I thought I’d share a couple of headaches I had with CakePHP and the solutions that I found. I’ve tried running through this tutorial to get a jump on Cake, but quickly came up with a couple of problems while running it in Apache on Ubuntu 16.04.

If you’re new to running Apache on Linux, probably the first thing you’ll want to do is run these commands:

    sudo adduser $username www-data
    sudo chown -R www-data:www-data /var/www
    sudo chmod -R g=rwx /var/www

Replace $username with your own username. This will let you write to the /var/www/html directory without having to use superuser privileges, but you’ll need to log out and back in before the change takes effect.

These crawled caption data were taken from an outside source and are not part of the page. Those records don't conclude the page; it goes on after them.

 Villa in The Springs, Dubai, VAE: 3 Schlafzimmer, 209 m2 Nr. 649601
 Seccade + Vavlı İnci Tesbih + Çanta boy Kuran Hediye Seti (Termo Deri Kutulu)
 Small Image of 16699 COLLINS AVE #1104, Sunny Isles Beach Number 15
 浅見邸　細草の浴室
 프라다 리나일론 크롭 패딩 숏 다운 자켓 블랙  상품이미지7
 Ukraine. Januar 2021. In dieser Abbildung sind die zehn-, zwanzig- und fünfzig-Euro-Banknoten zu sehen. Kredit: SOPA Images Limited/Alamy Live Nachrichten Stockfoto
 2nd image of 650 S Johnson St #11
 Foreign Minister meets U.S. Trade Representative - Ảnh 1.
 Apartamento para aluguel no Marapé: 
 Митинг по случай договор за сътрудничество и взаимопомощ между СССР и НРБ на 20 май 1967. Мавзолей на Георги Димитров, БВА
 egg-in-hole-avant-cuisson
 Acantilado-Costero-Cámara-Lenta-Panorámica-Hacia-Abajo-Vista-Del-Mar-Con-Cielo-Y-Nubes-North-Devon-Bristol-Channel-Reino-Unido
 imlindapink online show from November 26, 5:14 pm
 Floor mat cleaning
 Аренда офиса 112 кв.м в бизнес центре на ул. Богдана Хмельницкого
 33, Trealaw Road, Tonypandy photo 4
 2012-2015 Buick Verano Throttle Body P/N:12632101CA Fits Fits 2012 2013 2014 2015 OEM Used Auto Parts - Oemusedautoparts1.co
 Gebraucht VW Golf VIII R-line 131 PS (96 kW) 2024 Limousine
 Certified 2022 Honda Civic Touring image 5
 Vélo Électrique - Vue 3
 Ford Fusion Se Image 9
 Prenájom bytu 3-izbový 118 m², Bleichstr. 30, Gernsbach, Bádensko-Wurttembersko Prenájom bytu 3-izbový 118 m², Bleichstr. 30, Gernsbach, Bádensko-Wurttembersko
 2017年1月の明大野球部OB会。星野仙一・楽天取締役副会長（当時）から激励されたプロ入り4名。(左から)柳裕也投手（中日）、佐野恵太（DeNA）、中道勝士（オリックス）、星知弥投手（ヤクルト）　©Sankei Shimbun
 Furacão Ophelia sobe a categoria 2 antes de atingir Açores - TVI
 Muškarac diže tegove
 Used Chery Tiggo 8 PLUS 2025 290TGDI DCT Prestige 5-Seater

That’s only related to CakePHP insofar as it involves Apache with PHP, though, and is something that you’ll want to do on any dev environment for PHP. These are the two headaches I came across:

bin/cake isn’t executable

If you get a “Permission denied” error when trying to start the terminal or run the bake command, this isn’t because you don’t have correct permissions (well, not quite). It’s because bin/cake isn’t an executable file. In my case, I’d been using Linux long enough to know that that was the problem, but anybody that’s more familiar with a Windows environment might be confused when they get to this step, because the tutorial doesn’t mention it.

It’s easily resolvable. While in the project directory, run this command: sudo chmod +x bin/cake.

URL rewriting is not working

This is a second one that’s not mentioned in the tutorial, and even the CakePHP’s article on this particular topic didn’t have the correct solution. This took me hours to track down, and the reason why is because there are actually two steps that need to be done, and no one webpage contained them both as part of a single solution.

This first step I got from a source that I don’t remember, unfortunately. Run this command in the terminal: sudo a2enmod rewrite

The second step is to do some file editing. I got this one from a DigitalOcean message board. You’ll need to open apache2.conf. If you’re using a GUI, you can open this up with any text editor you want as long as you have su privileges. If you’re on a terminal, I like to use Vim, so I open it with sudo vim /etc/apache2/apache2.conf. If you want something easier to use than Vim, I hear Nano is easy to use (though I’ve never used it myself), so this should open it: sudo nano /etc/apache2/apache2.conf.

You’ll then want to find an XML-ish looking block that looks like this:

<Directory /var/www/>
        Options Indexes FollowSymLinks
        AllowOverride None
        Require all granted
</Directory>

And you’ll want to change the AllowOverride None to AllowOverride All.

When that’s done, you’ll want to restart Apache with sudo service apache2 restart.

This was all that I needed to get CakePHP running smoothly on an Ubuntu Server 16.04 VM using Apache. I can’t really guarantee that it’ll work for you, but I can say that it worked for me.